0

I'm looking into ray to distribute many computation tasks that could run in parallel. Ray code looks like:

ray.init(f"ray://{head_ip}:10001")

@ray.remote
def compute(compute_params):
    # do some long computation
    return some_result

# ==== driver part
ray_res = [compute.remote(cp) for cp in many_computations]
remote_res=ray.get(ray_res)

What is the proper way to stop such computation?

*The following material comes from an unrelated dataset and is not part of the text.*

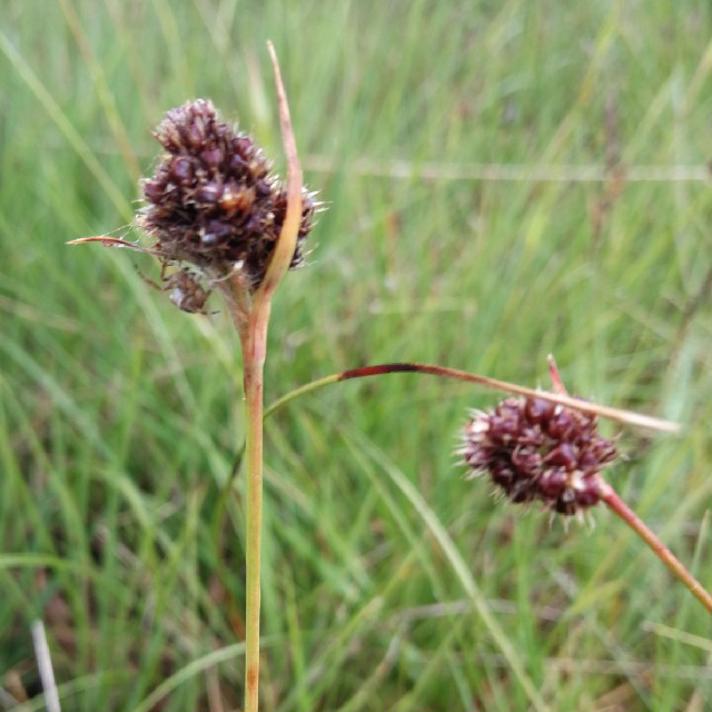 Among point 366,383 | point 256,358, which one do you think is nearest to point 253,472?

Suppose every computation might take a couple of hours, and for some reason, the driver code is killed/stopped/crashed, how is that possible to stop the tasks on the worker machines? Maybe to have some special configuration for workers that will understand that driver is dead...?

Julias
  • 5,562
  • 16
  • 56
  • 80

1 Answers1

0

Looking into RAY documentation

Remote functions can be canceled by calling ray.cancel on the returned Object ref. Remote actor functions can be stopped by killing the actor using the ray.kill interface.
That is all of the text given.